The 63-year-old outspoken political newcomer spent an hour with the Press-Republican Editorial Board recently, discussing how he would fix what's wrong with the state.
"I've talked to people all over this state, and they are furious," Paladino said.
"They are also scared and don't have any hope left."
Although he has never held public office, Paladino lays claim to some victories in government circles.
He led a charge to revamp the Buffalo City Council, which he felt was being intimidated by its president, and also was involved in getting tolls removed from perimeter roads leading into Buffalo.
Paladino was also instrumental in getting the Native Americans from the Seneca tribe to build a casino within the city limits of Buffalo instead of the suburbs, although the construction of the casino was halted because of the poor economy.

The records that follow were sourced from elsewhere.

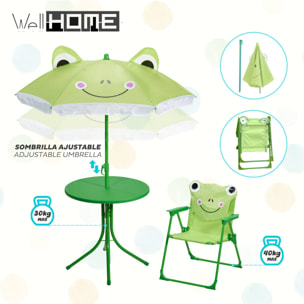 Well Home Conjunto jardín niños 4 piezas (mesa + 2 sillas + paraguas) diseño Rana, plegable y ligero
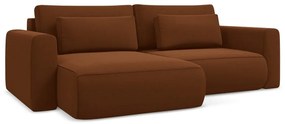 Divano angolare color terracotta allungabile/con contenitore (con penisola a sinistra/con chaise lounge) con rivestimento in velluto Kapua – Makamii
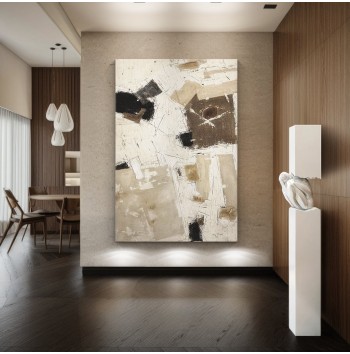 Beige Brown Abstract Wall Painting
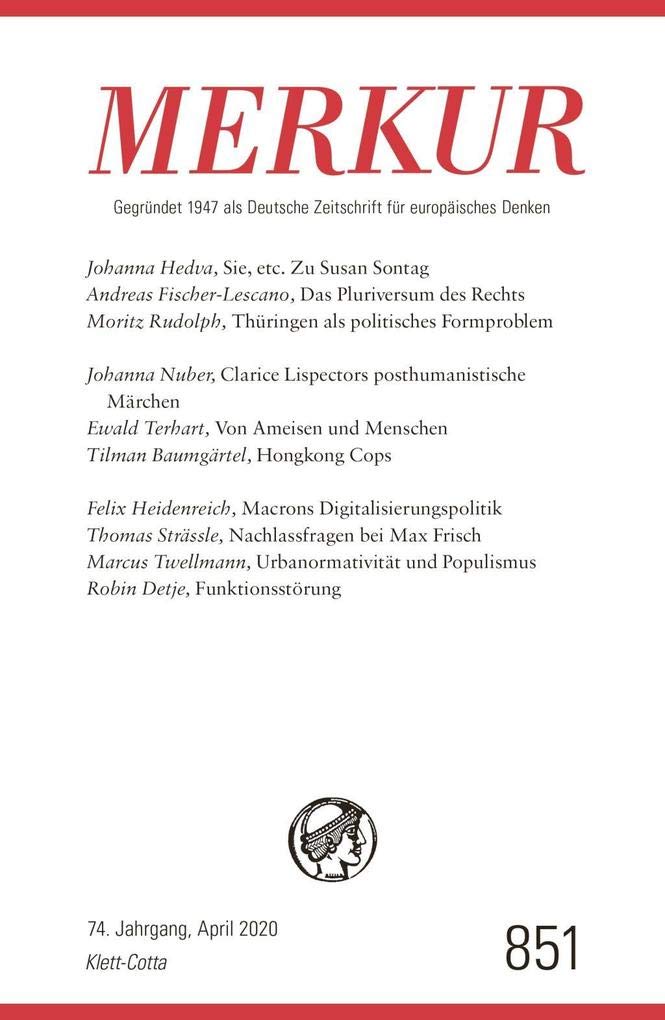 MERKUR 4/2020: Nr. 851, Heft 04 / April 2020 (MERKUR: Gegründet 1947 als Deutsche Zeitschrift für europäisches Denken) Law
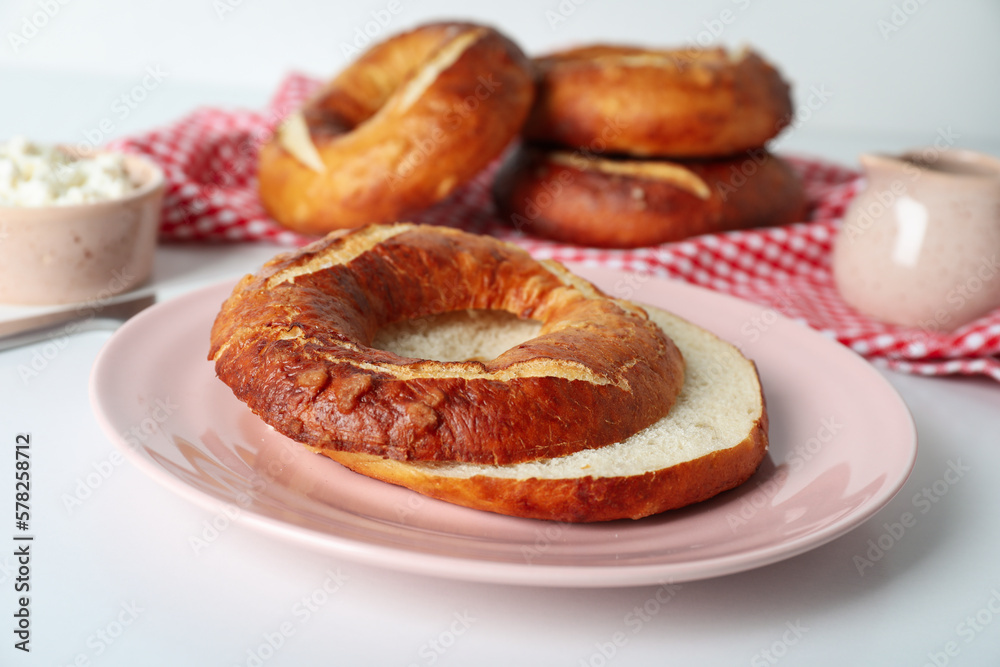 Concept of tasty food - bagel, tasty bakery products Concept of tasty food - bagel, tasty bakery products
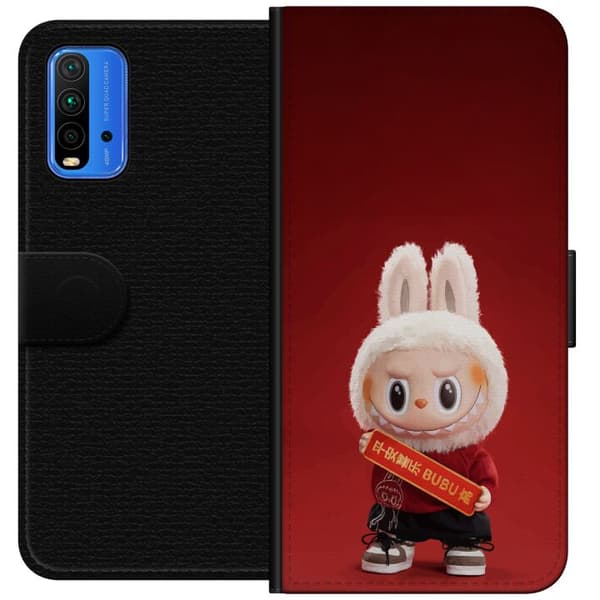 Xiaomi Redmi Note 9 4G Lompakkokotelo Pop Mart The Monsters Labubu Onnea Vinyl Nukke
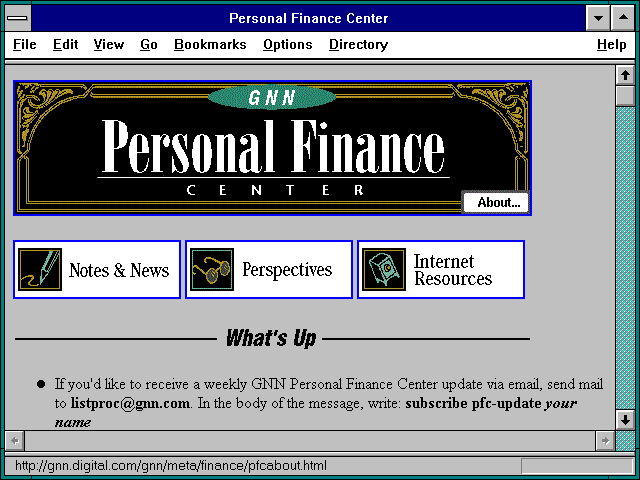 Screenshot of Personal Finance Center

"I've faced just about every problem you can think of in my life, and I know what a day's work is, and I've learned how to bring focus," he said.
Paladino's approach to government would be simple: Open it up to the people and get rid of those wishing to make a career out of politics at the expense of the public.
He rails against the long-standing method of the "three men in a room" approach to developing a state budget, which annually misses the April 1 deadline.
"If they want three men in a room, fine, but it will be three men in a room and the entire press corps," he said.
Paladino said that one of the first orders of business would be to get rid of Assembly Speaker Sheldon Silver, who, he says, runs the state.
Silver, a member of a major trial law firm, has way too many conflicts of interest to be running government.
"This man is corrupt. He makes Joe Bruno look like a choir boy," Paladino said in reference to former Senate majority leader Joseph Bruno, who was found guilty earlier this year of using his office for personal gain.
A governor of New York, Paladino asserts, must be strong and possess the ability to use the power of the office to make positive changes.
Those are qualities he doesn't see in potential foes Republican Rick Lazio or Democrat Andrew Cuomo.
"We met with Lazio for an hour, and after he left we couldn't figure out what he said," Paladino said.
"He's a good-looking guy and a nice man, but he revealed no ability to take on the demons of Albany."
Cuomo is no better, Paladino said, not buying Cuomo's claim that he is a conservative Democrat.
"Are you nuts? A zebra don't change his stripes."
When it comes to revamping the state, Paladino has one large idea he would like to implement right here in the North Country, and it starts with social-services programs.
He is tinkering with an idea to provide work programs to people instead of giving them subsidy checks.
"We don't teach people how to earn a living. We just give them welfare," he said. "This would give people a chance to go out and earn a paycheck."
The program would be patterned after the old Civilian Conservation Corps.
And if such that would displace some union jobs?
"Too bad. Union people are not a special class, like they think they are," he said.
When it comes to education, Paladino, a graduate of St. Bonaventure University and Syracuse University Law School, calls the existing system "rotten."
"It's a totally dysfunctional system, and we keep feeding this rotten system," he said, adding that vouchers, charter schools and other educational alternatives need to be seriously explored.
Regarding the Adirondack Park Agency, Paladino, who developed the Rite Aid store in Ticonderoga, said more native Adirondackers need to be on the board instead of New York City residents.
"What nonsense. The arrogance and elitism of these people," he said.
Paladino, a multi-millionaire, says he plans on spending up to $10 million of his own money in this election, and he would serve as governor only for four years, long enough to clean house with his bat and move on.
"I'm going to bring my bat, and it's going to be bloody," he said.
Paladino has selected Tom Ognibene, a former New York City Council member from Queens, as his lieutenant governor candidate.
"He's a qualified man who can do the job."